'One Rule For Jack' is a fast moving and very funny chapter book about the ongoing battle of wits between the narrator, Jack, and his parents, grandma and uncle. Jack tells us his rule right up front: 'When your parents ask you to do a job - do it badly!' When Jack deliberately snaps off the head of the broom so he can't sweep up the leaves for his mum, she is not at all fazed. She gives him a dustpan and brush and says they will do the trick. When he is asked to mop the floor, he rips the sponge off the mop and flushes it down the toilet. He says the rats ate the sponge, and Grandma comes to his rescue saying she has seen a rat lurking around. But when she tells an old story about having been punished by being made to scrub the floor with a toothbrush, Mum is inspired and hands Jack a toothbrush. Mum is again very helpful and supplies Jack with a plumber's mate or plunger so he can unblock the s-bend. Grandma coaches him on, and he gets covered with water from the toilet bowl - and other unspecified substances! Mum and Dad are so impressed with Jack's willingness to muck in and get all his chores done that they ask him to clean out his uncle's bucket of rotting fish and worms. Jack sneaks a clean bucket and tries to trick them into thinking he has done it, but he's rewarded with being locked into the bathroom with the dog and tasked with shampooing off all the horse manure. Where the story began with Jack's trick for avoiding a shower, now he is forced to bath the dog and shower himself too. He is so successful that the story leaves off at a moment when his parents promise other jobs for him to take on! The lack of closure in the narrative indicates that the story will be neverending.

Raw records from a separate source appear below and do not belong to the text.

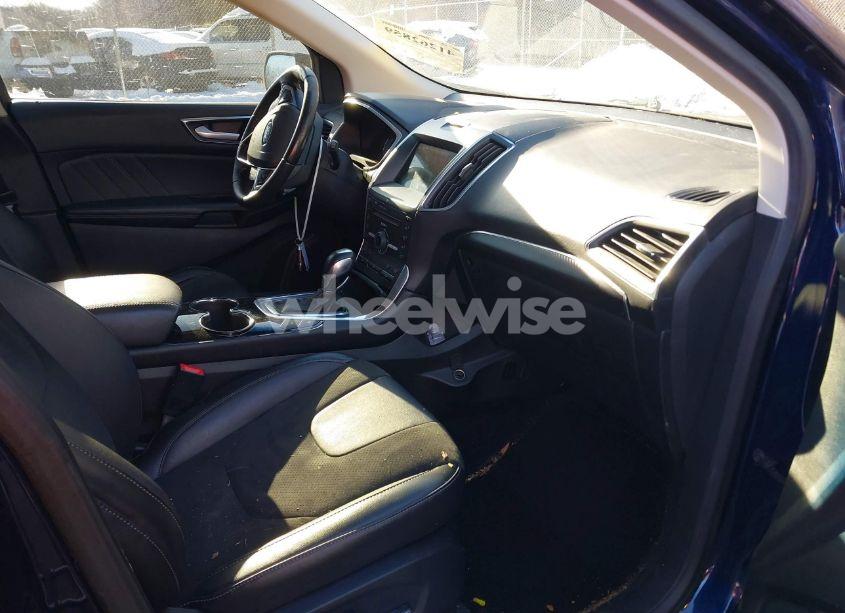 Photo 5 of 2016 Ford Edge SPORT (VIN 2FMPK4AP2GBC50095)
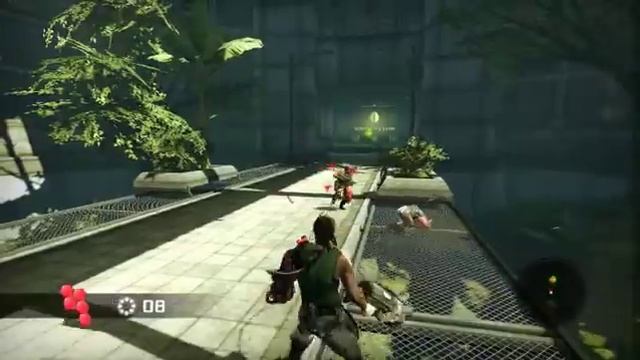 Bionic Commando Gameplay видеорецензия ЛКИ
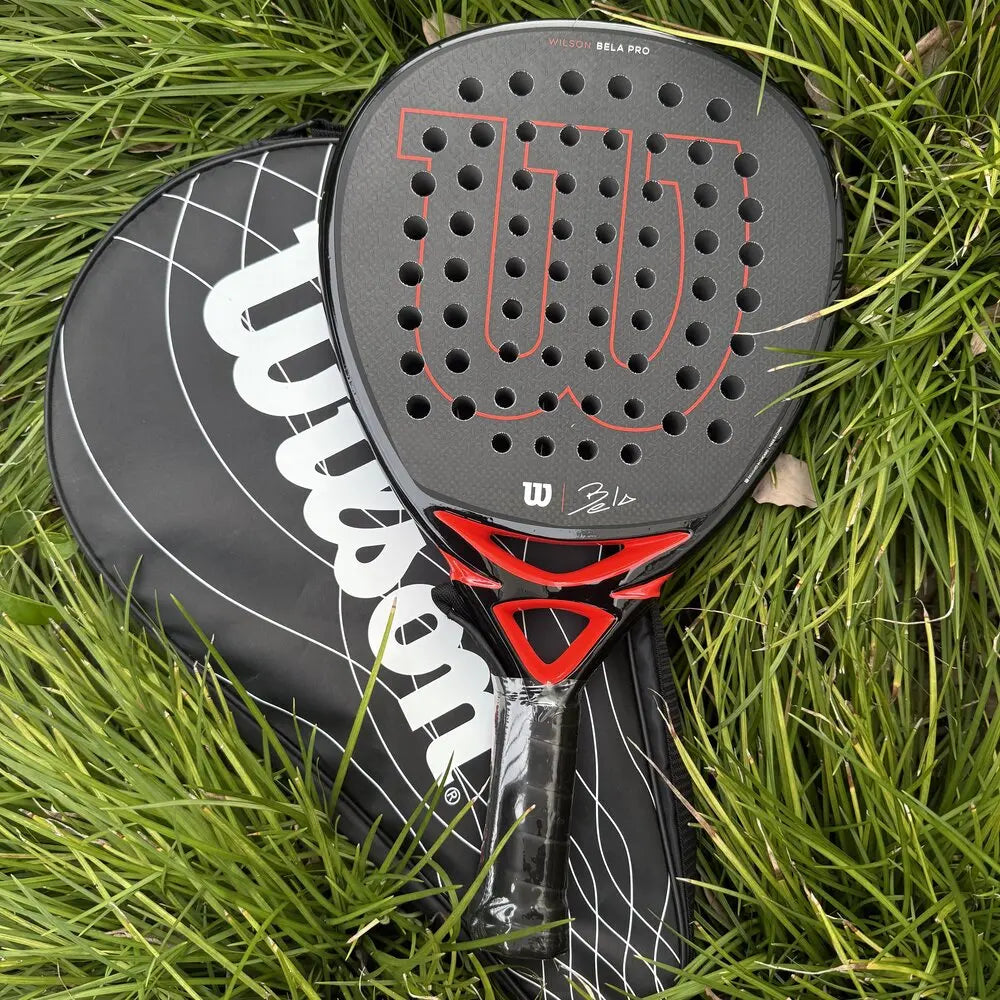 Wilson Professional Tennis Rackets Carbon Fibre Surface Diamond Shape ...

The battle of wits between adults and children could be compared with that of classics for this age group such as Rockwell's 'How to Eat Fried Worms', or - closer to home - Andrew Daddo's or Andy Griffiths' Australian short stories. While the child is conventionally portrayed in literature as the trickster, there is a hilarious realism about the revelation that adults can be equally wily about playing tricks on young people - if not more so. This creates an appealing balance in the power relationships between older and younger characters. And between the races. One of the best developments in First Nations literature has been the acknowledgment of Indigenous comedy. It enhances the diversity of themes and tones within Indigenous storytelling, and it is empowering. Its entertainment value also ensures young reader appeal. Research into the reasons young people give for reading in the 20th - 21st centuries consistently lists humour as a leading factor. There are moral and ethical values to be inferred from a story such as 'One Rule for Jack', but because they are not explicit they become available and give children agency to discover them or not, as they wish.
Although the education market has moved towards Indigenous-only collaboration in picture books, 'One Rule for Jack' is an interesting example of what might be called a 'reconciliation' text, insofar as the illustrator Craig Smith is not Indigenous, so the book brings together one high-profile Indigenous creator and one high-profile non-Indigenous creator. Young readers might like to consider the ethics and authenticity of illustrations by a non-Indigenous artist. They might also like to discuss the question of how a non-realist illustrator can convey gender, race and age without defaulting to stereotypes, and the extent to which Craig Smith succeeds here.